→ Directions:
Using the data below, set down every line from the one containing "Remise-de-medailles-au-personnel-de-ACERO-METALs" through the one containing "Schöne Jacke- Anna Field Grösse 36", inclusive and unchanged. Pictures are to be skipped.

→ Task input:
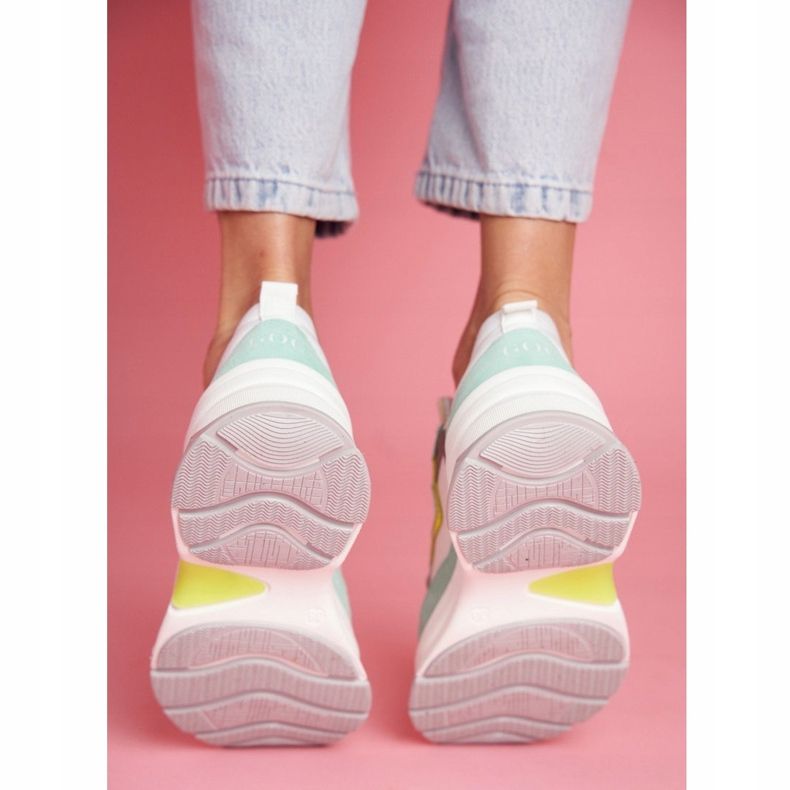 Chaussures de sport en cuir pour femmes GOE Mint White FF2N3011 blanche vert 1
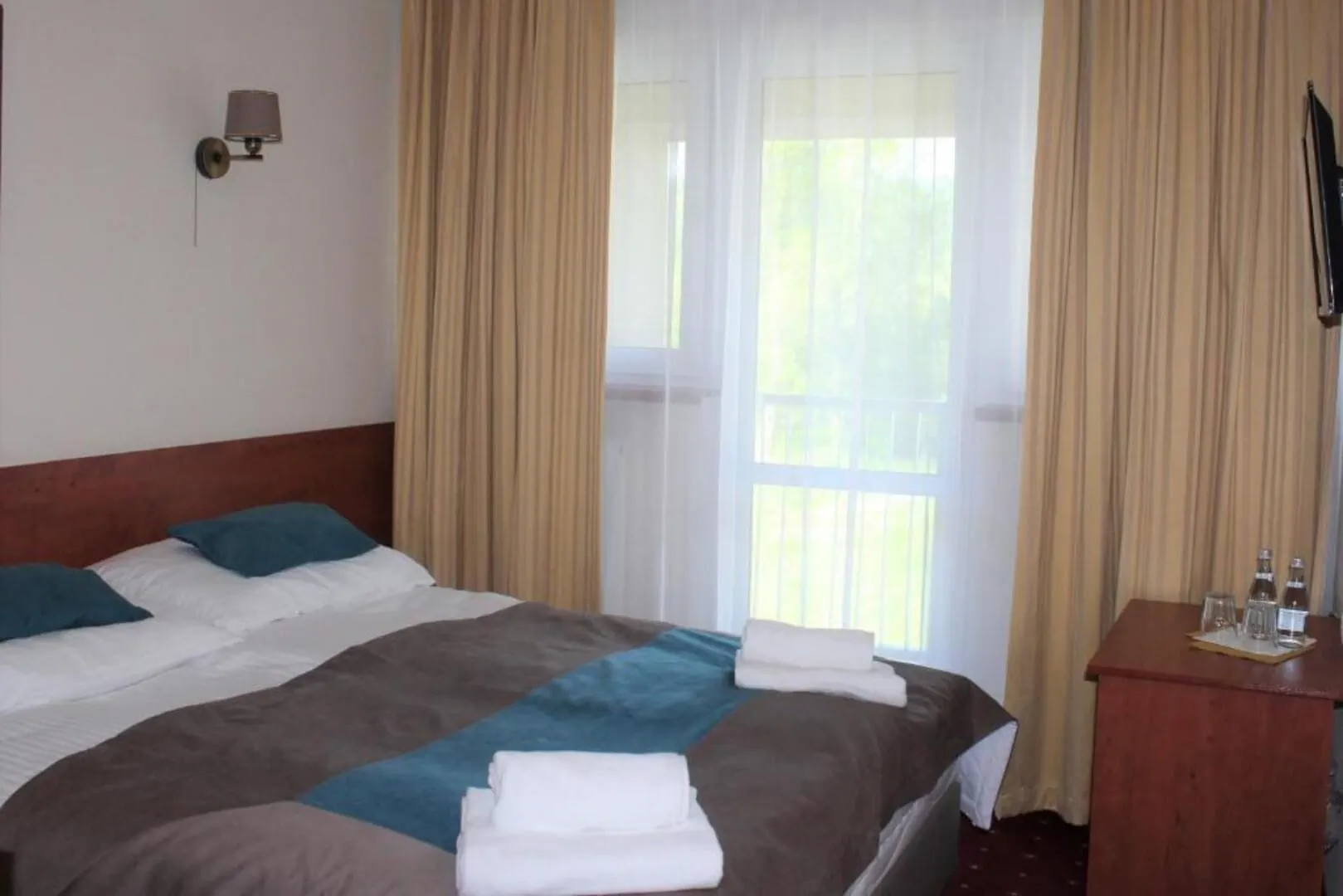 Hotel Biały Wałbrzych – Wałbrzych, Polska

--

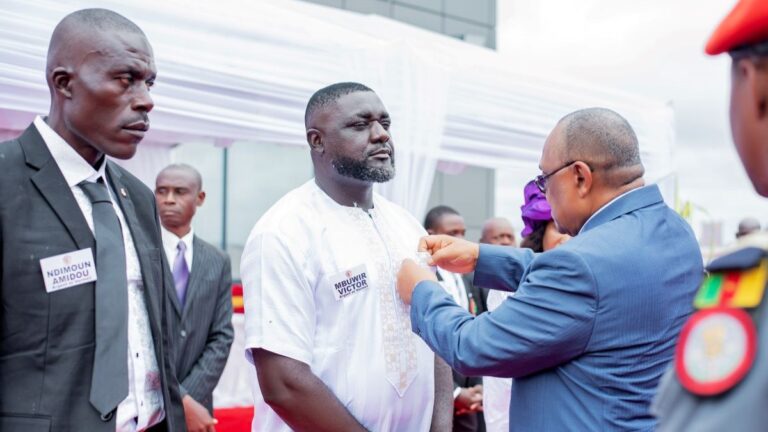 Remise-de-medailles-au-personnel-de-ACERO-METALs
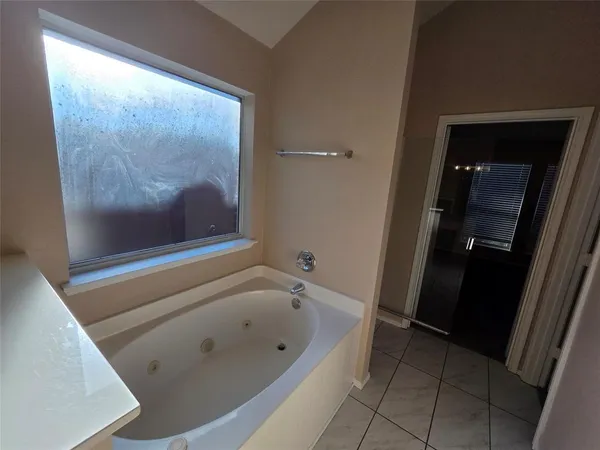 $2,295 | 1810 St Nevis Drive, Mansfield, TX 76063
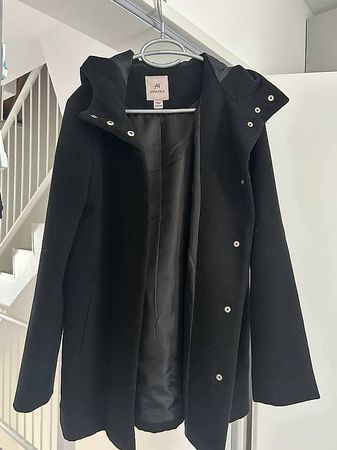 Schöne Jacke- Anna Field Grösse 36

---

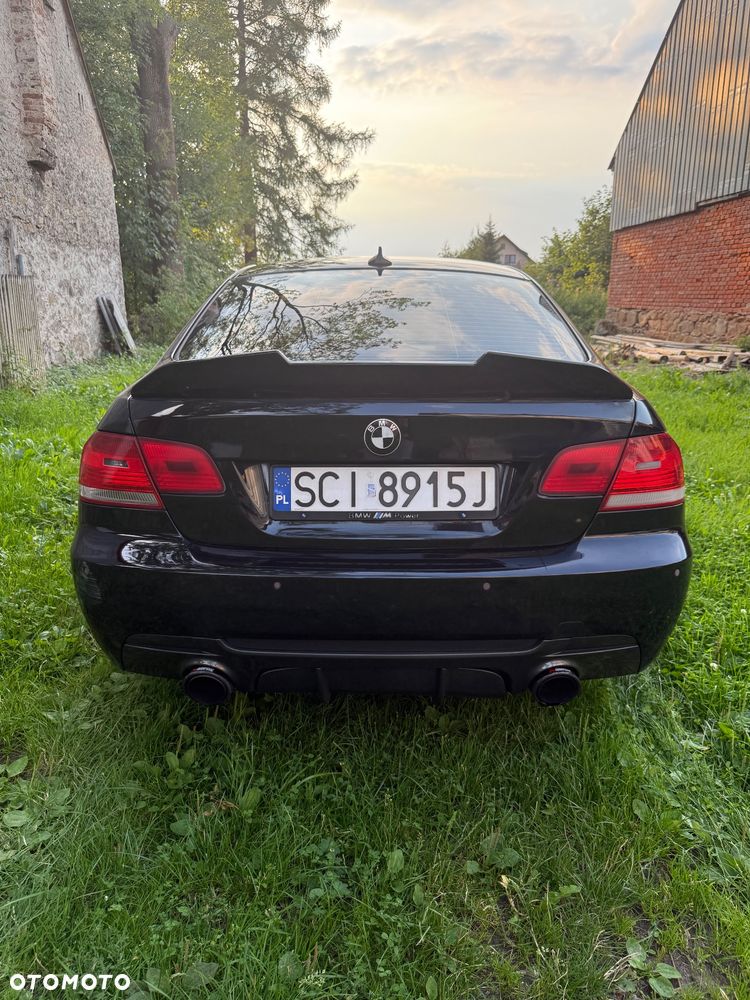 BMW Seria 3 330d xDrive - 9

→ Reply to the task:
 Remise-de-medailles-au-personnel-de-ACERO-METALs
 $2,295 | 1810 St Nevis Drive, Mansfield, TX 76063
 Schöne Jacke- Anna Field Grösse 36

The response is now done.